Honor the Giver of Gifts, December 18

What have they seen in your house? 2 Kings 20:15.

Study the case of Hezekiah. He had been sick unto death. He had appealed to the Lord, and God had added to his life fifteen years. “At that time ... [the] king of Babylon sent letters and a present to Hezekiah: for he had heard that he had been sick, and was recovered. And Hezekiah was glad of them, and shewed them the house of his precious things, the silver, and the gold, and the spices, and the precious ointment, and all the house of his armour, and all that was found in his treasures: there was nothing in his house, nor in all his dominion, that Hezekiah shewed them not. Then came Isaiah the prophet unto king Hezekiah, and said unto him, What said these men? and from whence came they unto thee? ... What have they seen in thine house? And Hezekiah answered, All that is in mine house have they seen: there is nothing among my treasures that I have not shewed them....”

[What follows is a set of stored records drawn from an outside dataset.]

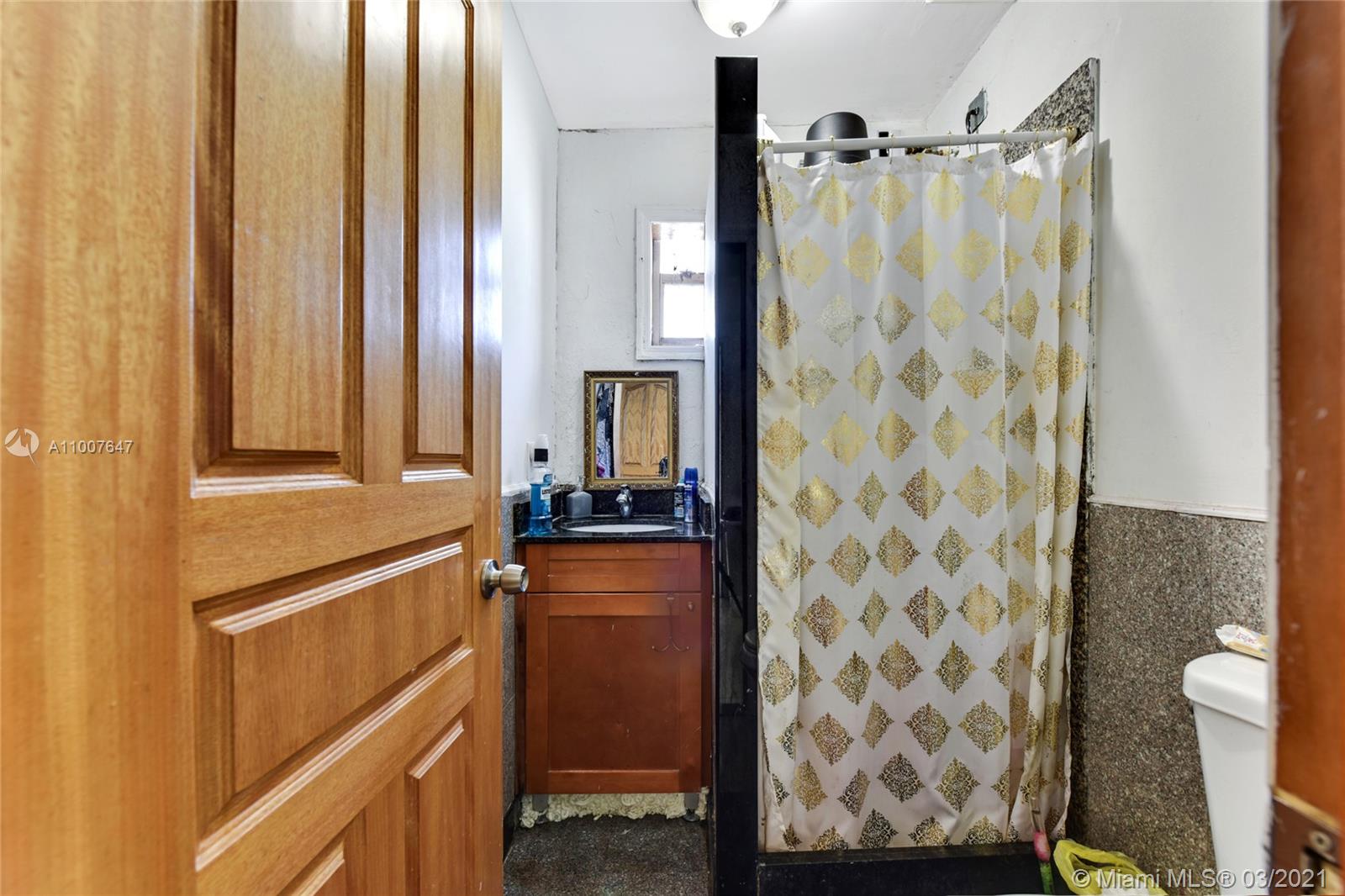 See details / 1244 sq. ft. $ 2021-03-03 0 Photo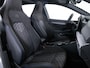 Volkswagen Golf R-Line 1.5 eTSI 150 pk Automaat | LED | Panoramadak | Achteruitrijcamera | Navigatie Via Smartphone | Stoel & Stuurwielverwarming |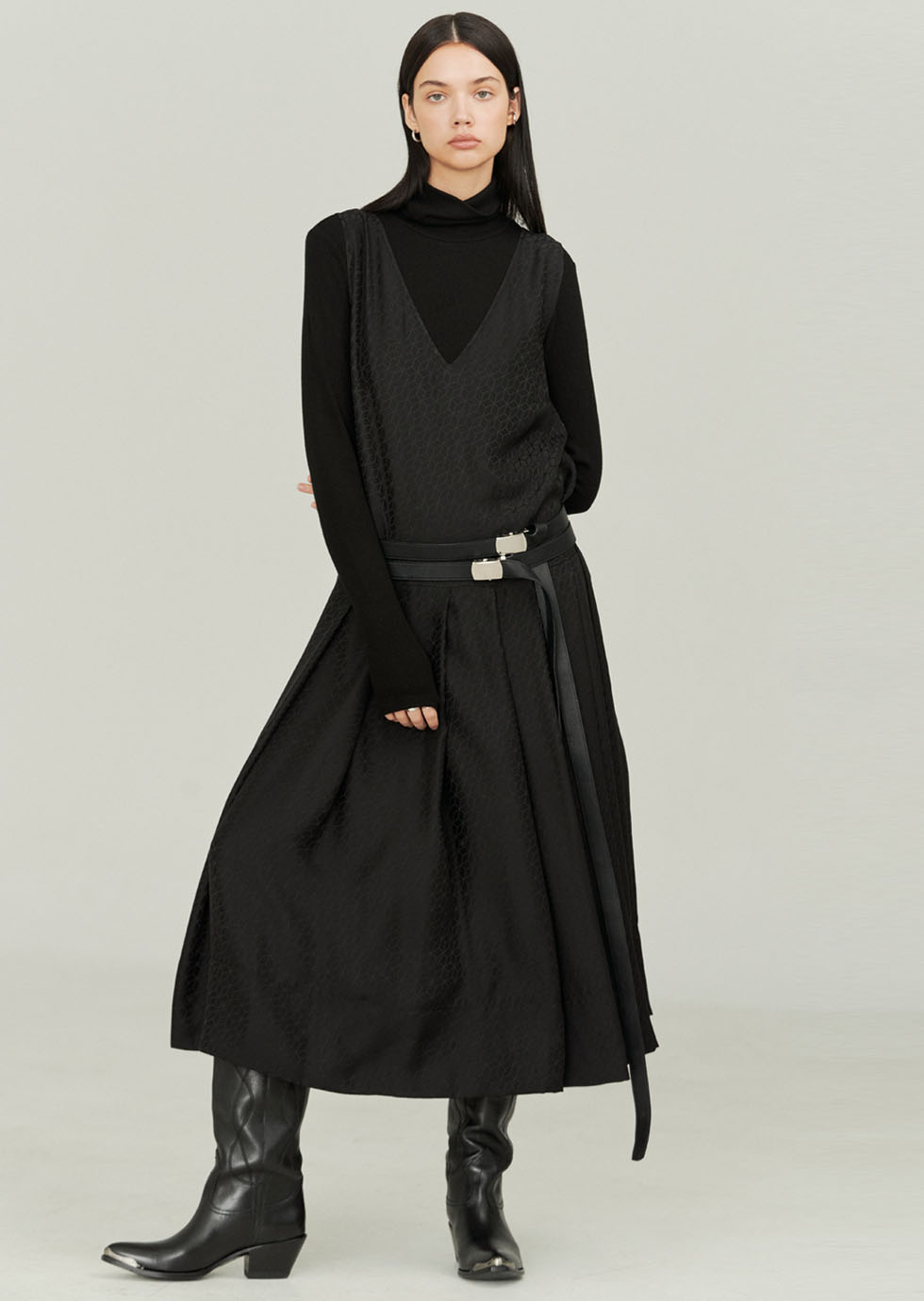 [AIMONS BESPOKE] SOFIA BLACK JACQUARD SLEEVEESS DRESS - 에몽 공식스토어  aimons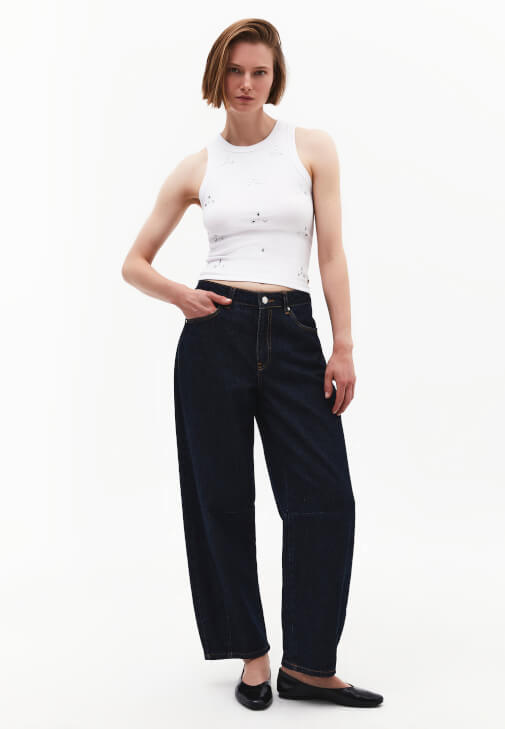 Taşlı Atlet ve Barrel-Fit Denim Kombini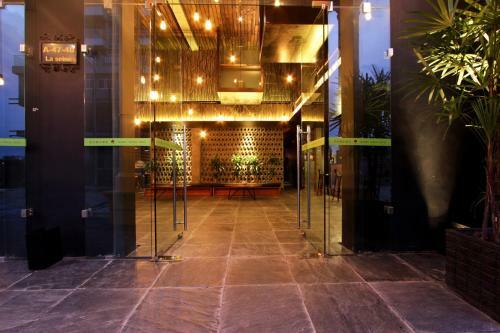 Yazhou Foryou Hotel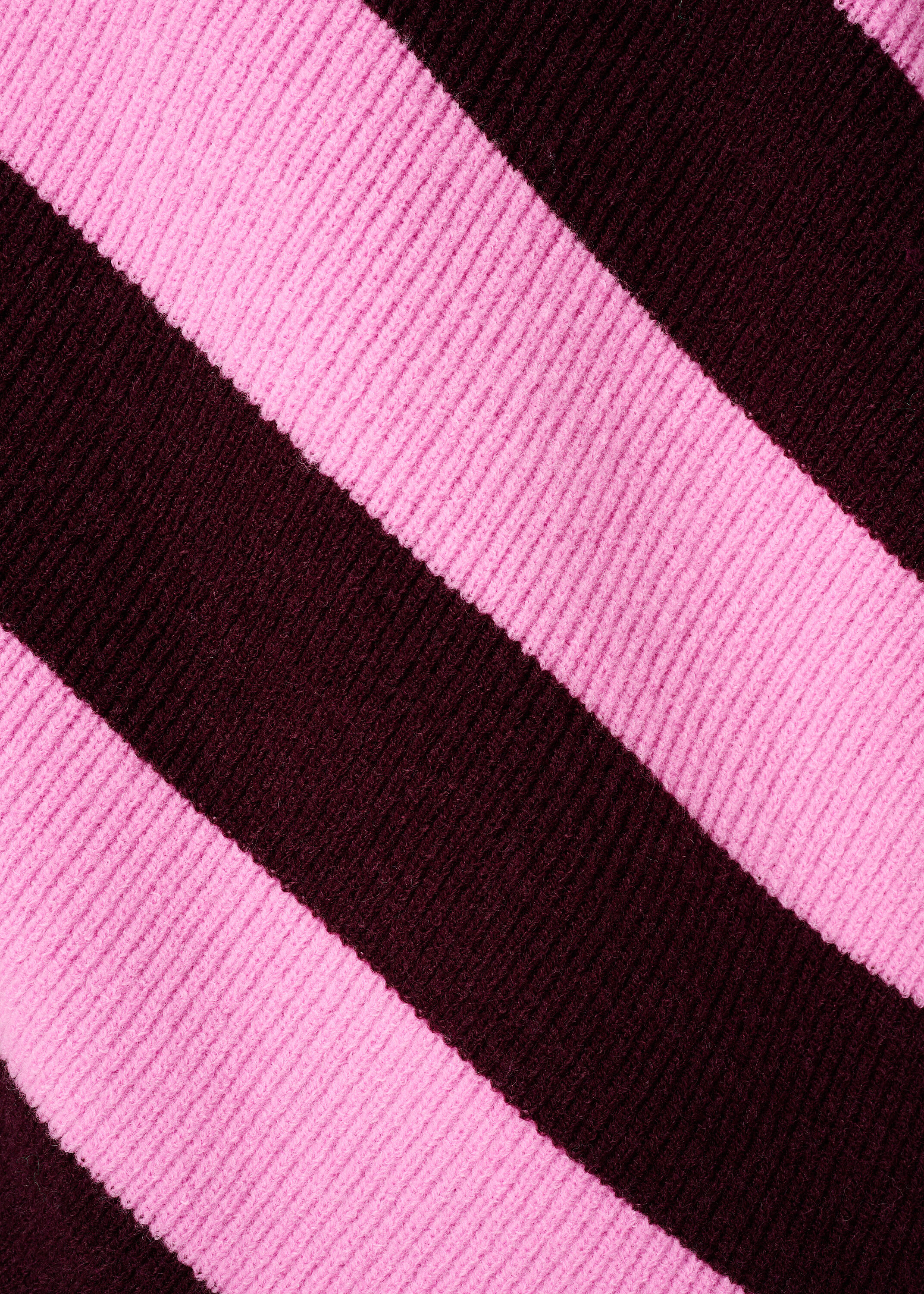 Pullover mit diagonalen Streifen image number 6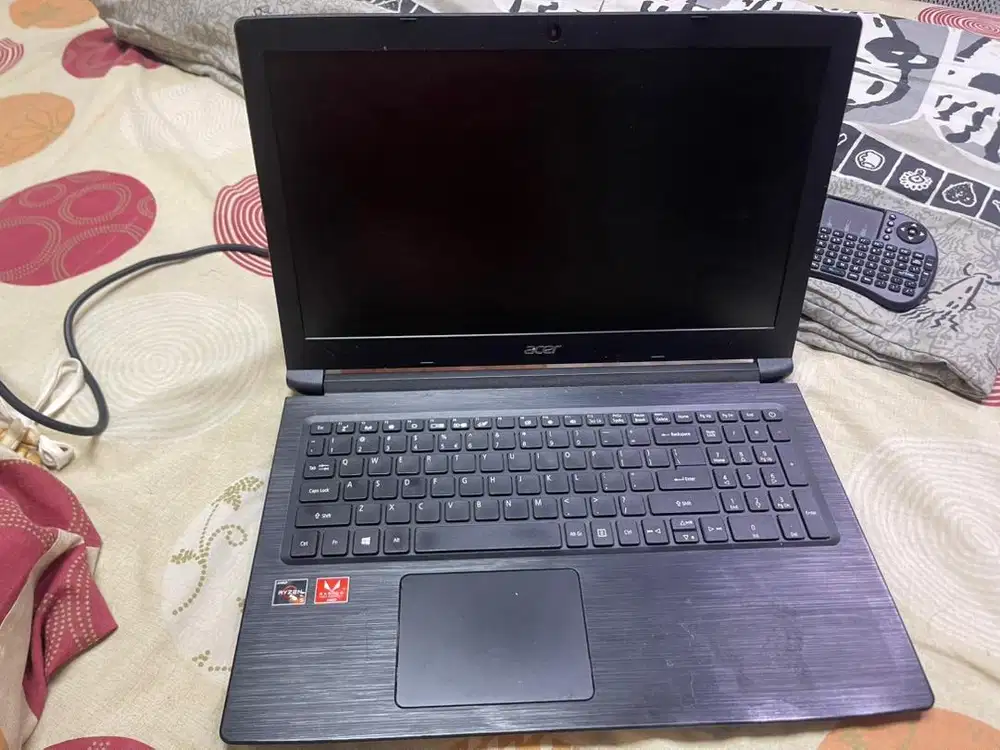 Dijual Acer Ryzen 5 spec tinggi bekas kuliah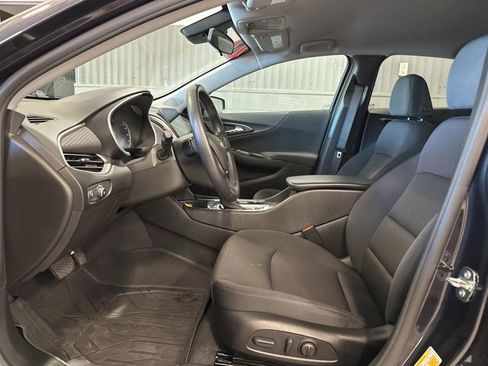 Used 2022 Chevrolet Malibu RS image 18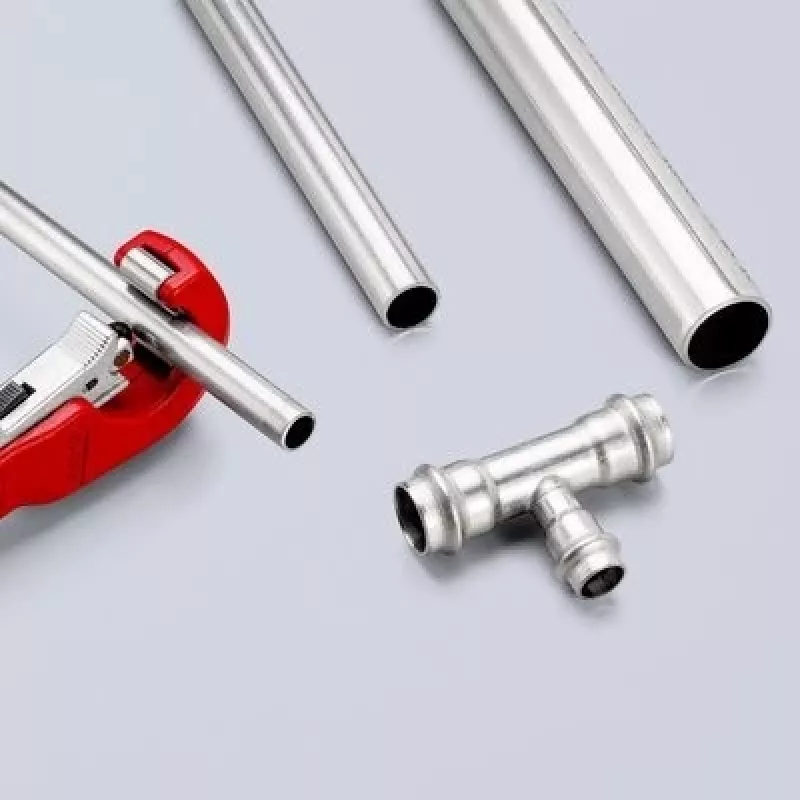 Knipex 90 31 02 SB manueller Rohrschneider Pipecutter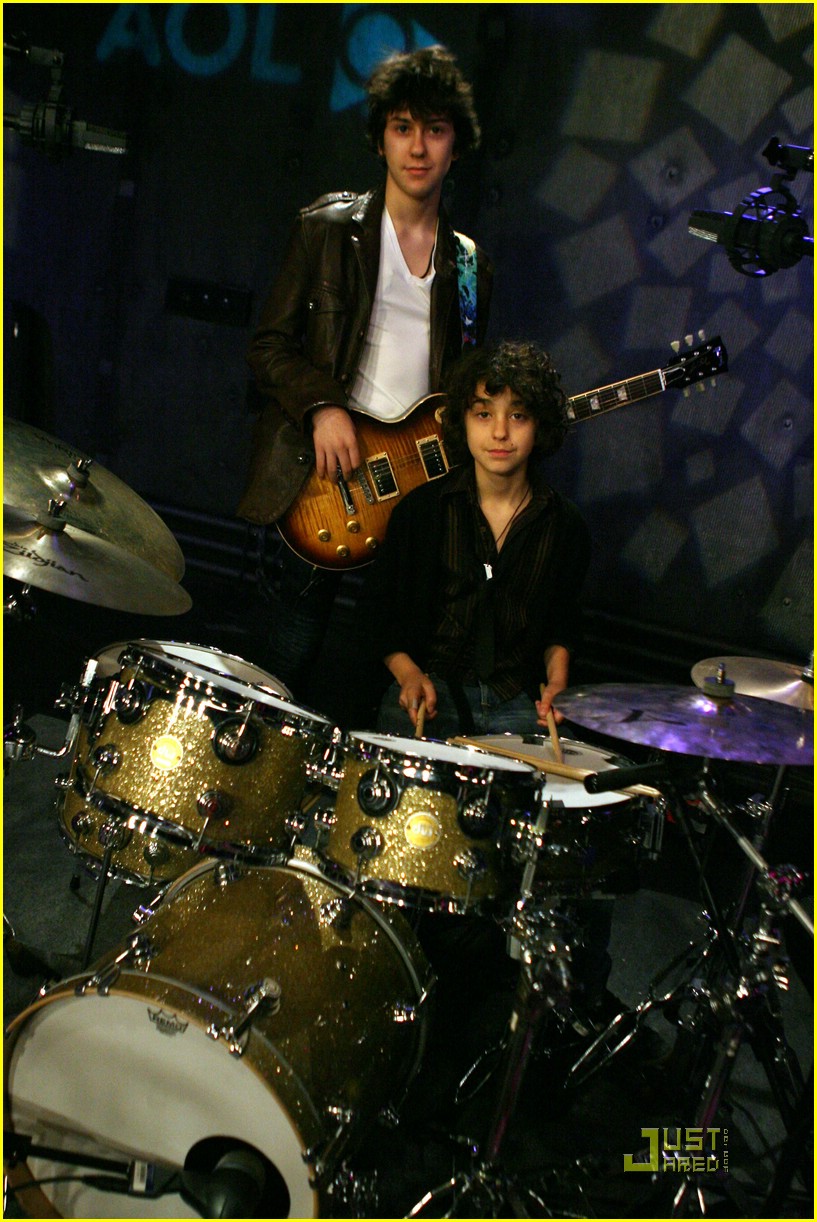 Full Sized Photo Of Nat Alex Wolff Kristen Stewart 02 | The Naked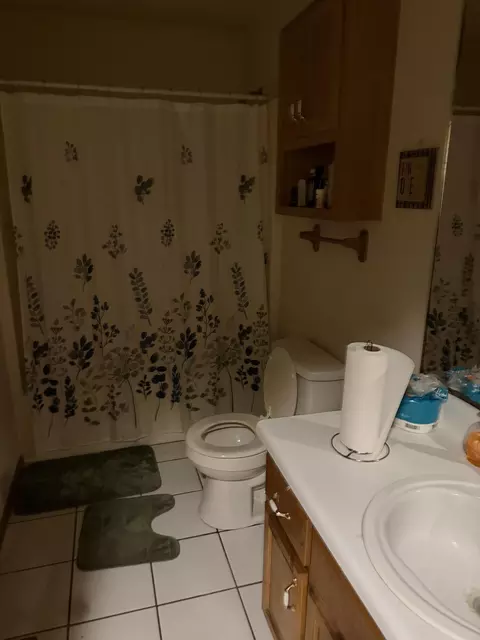 Bath - 2230 N 2236 N Pierce Ave, Springfield, MO 65803 photo 4 of 8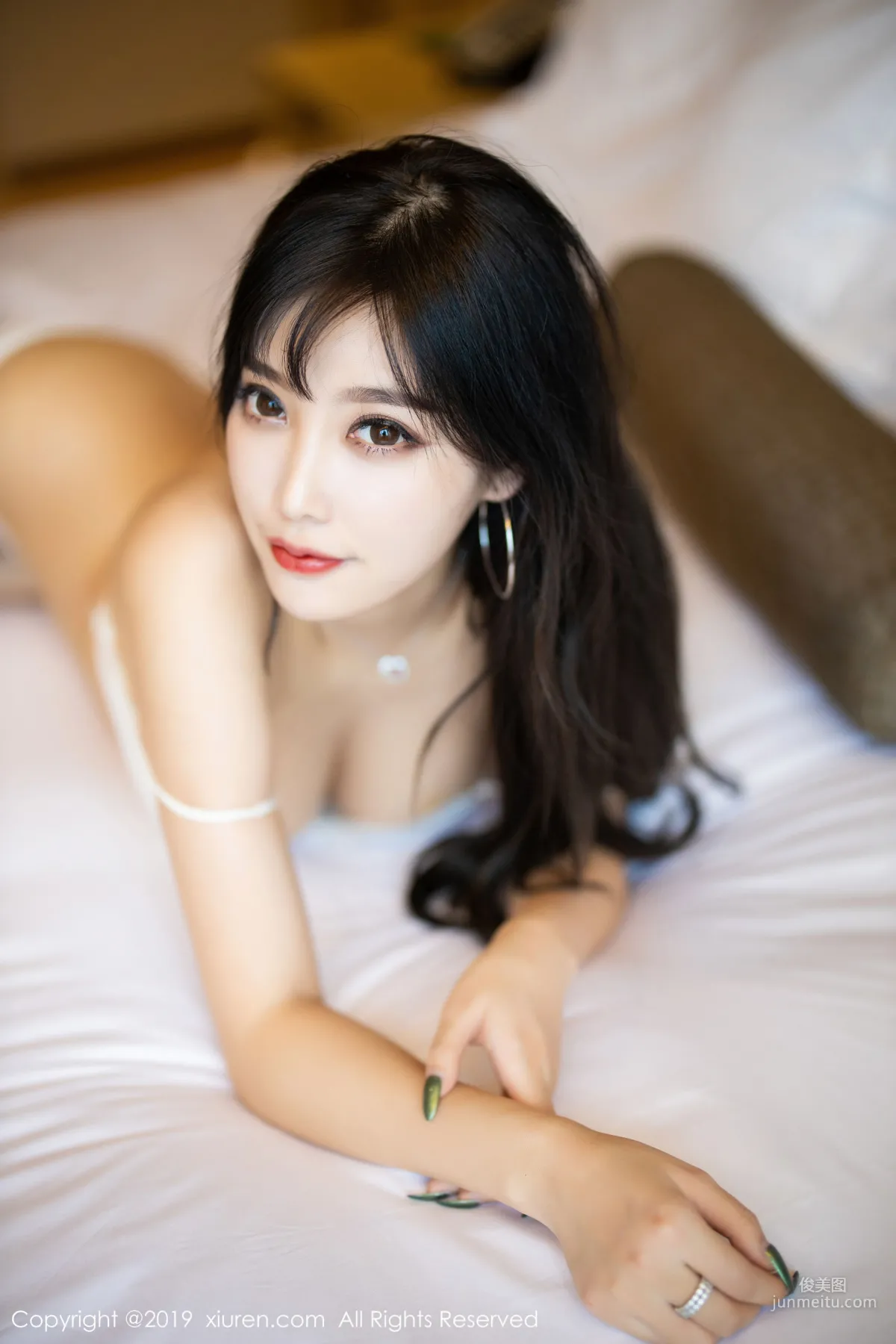 杨晨晨sugar《网袜美腿翘臀诱惑》 [秀人XIUREN] No.1746 写真集93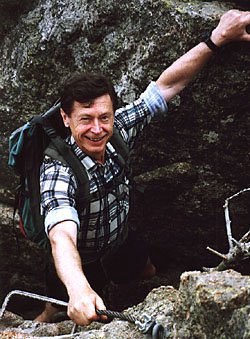 등반 중인 페터 간너. 그는 2001년 5월 24일 에베레스트 남동릉에서 추락해 사망했다. 중앙포토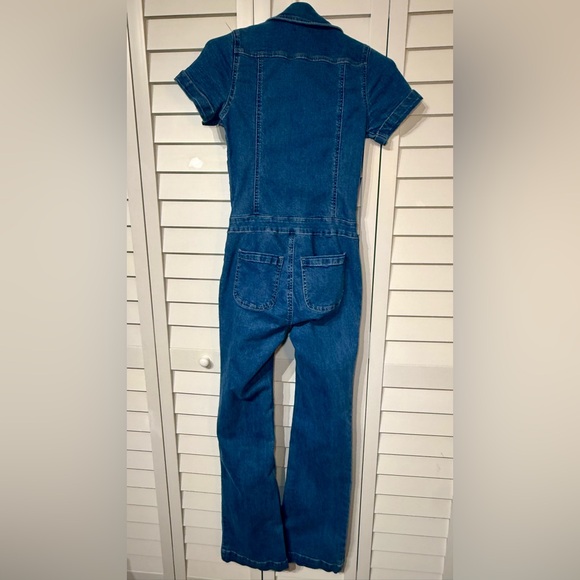 Fashion Nova Denim Jumpsuit XS Zip Front Short Sleeve One Piece - Picture 9 of 9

The visit of the ambassadors to Hezekiah was a test of his gratitude and devotion.... God had raised him from a bed of death, giving him a new lease of life. The Babylonians had heard of his wonderful recovery. They marveled that the sun had been turned back ten degrees, as a sign that the word of the Lord should be fulfilled. They sent messengers to Hezekiah to congratulate him on his recovery. The visit of these messengers gave him an opportunity to extol the God of heaven. How easy it would have been to point them to the God of gods. But pride and vanity took possession of Hezekiah's heart, and in his self-exaltation he laid open to their covetous eyes the treasures with which God had enriched His people.... His indiscretion prepared the way for national disaster. The ambassadors carried to Babylon the report of Hezekiah's riches, and the king and his counselors planned to enrich Babylon with the treasures of Jerusalem.

Had Hezekiah improved the opportunity given him to bear witness to the power, the goodness, the compassion, of the God of Israel, the report of the ambassadors would have been as light piercing darkness. But he magnified himself above the Lord of hosts and failed to give God the glory....

Oh, that those for whom God has done marvelous things would show forth His praises and tell of His mighty works. But how often those for whom God works are like Hezekiah—forgetful of the Giver of all their blessings.—Signs of the Times, October 1, 1902.